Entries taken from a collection
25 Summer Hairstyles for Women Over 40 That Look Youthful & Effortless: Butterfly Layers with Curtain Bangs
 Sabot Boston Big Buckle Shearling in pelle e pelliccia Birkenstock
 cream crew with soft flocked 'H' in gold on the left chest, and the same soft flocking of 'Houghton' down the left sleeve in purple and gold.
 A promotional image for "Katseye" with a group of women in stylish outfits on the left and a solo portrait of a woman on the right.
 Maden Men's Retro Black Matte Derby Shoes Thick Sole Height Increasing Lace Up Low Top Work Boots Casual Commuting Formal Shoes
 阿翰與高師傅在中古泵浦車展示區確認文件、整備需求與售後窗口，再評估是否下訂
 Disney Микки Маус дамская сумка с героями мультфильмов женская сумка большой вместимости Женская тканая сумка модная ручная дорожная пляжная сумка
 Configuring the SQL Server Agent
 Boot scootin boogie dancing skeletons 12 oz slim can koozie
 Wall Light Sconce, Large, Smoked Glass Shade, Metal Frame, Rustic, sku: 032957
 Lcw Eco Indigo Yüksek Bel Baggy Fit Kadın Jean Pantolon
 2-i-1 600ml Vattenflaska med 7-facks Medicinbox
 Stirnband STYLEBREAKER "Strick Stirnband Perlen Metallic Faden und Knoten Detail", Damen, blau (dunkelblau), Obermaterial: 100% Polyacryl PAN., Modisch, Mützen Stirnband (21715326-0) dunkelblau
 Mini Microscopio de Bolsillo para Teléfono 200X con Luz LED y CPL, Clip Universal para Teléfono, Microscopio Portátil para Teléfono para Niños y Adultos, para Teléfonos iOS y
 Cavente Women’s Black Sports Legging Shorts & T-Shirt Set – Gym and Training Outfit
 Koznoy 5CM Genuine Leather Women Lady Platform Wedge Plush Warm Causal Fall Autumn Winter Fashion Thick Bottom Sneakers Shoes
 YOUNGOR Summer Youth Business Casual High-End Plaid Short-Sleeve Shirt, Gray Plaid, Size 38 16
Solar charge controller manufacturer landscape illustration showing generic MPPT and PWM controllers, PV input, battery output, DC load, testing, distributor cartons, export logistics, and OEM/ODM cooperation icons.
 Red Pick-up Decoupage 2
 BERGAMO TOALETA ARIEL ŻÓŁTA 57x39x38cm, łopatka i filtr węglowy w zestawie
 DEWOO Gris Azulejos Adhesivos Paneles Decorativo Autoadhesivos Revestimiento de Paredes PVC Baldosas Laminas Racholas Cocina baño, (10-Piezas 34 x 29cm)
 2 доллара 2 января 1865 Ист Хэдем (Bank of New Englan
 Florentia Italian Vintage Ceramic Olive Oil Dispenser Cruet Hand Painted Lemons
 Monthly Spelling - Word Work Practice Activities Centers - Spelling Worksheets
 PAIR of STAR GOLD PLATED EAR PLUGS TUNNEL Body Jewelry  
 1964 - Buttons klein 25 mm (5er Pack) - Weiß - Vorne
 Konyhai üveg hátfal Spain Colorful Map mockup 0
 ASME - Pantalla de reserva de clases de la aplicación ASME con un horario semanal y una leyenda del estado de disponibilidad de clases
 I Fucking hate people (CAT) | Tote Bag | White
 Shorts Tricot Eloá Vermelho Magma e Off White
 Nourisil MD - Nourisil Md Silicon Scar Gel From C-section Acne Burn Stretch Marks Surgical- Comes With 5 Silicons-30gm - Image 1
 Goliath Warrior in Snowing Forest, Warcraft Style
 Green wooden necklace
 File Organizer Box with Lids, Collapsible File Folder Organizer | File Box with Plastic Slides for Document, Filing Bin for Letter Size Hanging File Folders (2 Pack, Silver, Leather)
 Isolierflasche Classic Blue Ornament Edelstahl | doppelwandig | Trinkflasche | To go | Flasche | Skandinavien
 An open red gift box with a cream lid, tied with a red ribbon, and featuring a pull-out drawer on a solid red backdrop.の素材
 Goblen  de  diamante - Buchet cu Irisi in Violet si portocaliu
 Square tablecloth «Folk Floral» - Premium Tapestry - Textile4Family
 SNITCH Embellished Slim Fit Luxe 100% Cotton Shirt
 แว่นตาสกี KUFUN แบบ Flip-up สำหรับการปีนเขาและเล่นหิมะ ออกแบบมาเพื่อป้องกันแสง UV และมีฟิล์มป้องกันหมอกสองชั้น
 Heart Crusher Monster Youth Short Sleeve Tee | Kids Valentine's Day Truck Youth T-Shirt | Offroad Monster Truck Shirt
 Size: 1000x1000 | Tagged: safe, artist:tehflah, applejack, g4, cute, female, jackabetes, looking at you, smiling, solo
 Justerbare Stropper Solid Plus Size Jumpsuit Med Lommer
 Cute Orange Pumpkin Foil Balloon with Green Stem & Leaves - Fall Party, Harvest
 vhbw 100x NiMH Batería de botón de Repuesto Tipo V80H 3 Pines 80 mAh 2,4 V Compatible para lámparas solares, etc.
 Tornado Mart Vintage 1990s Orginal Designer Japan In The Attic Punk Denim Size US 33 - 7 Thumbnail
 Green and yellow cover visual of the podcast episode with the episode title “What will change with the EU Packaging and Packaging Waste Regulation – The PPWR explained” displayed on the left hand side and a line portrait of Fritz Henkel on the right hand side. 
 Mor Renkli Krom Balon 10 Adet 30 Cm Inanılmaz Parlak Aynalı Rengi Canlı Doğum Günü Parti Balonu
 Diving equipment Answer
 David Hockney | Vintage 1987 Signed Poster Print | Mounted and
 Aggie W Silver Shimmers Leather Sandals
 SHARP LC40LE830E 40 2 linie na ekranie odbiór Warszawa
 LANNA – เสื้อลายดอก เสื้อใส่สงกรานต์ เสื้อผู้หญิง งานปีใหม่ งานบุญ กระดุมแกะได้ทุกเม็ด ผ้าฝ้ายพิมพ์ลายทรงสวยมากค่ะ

## WHAT YOU ARE ASKED TO DO
Return a copy of each line in the entries that contains "Casual".

## SOLVED PROBLEM
 Maden Men's Retro Black Matte Derby Shoes Thick Sole Height Increasing Lace Up Low Top Work Boots Casual Commuting Formal Shoes
 YOUNGOR Summer Youth Business Casual High-End Plaid Short-Sleeve Shirt, Gray Plaid, Size 38 16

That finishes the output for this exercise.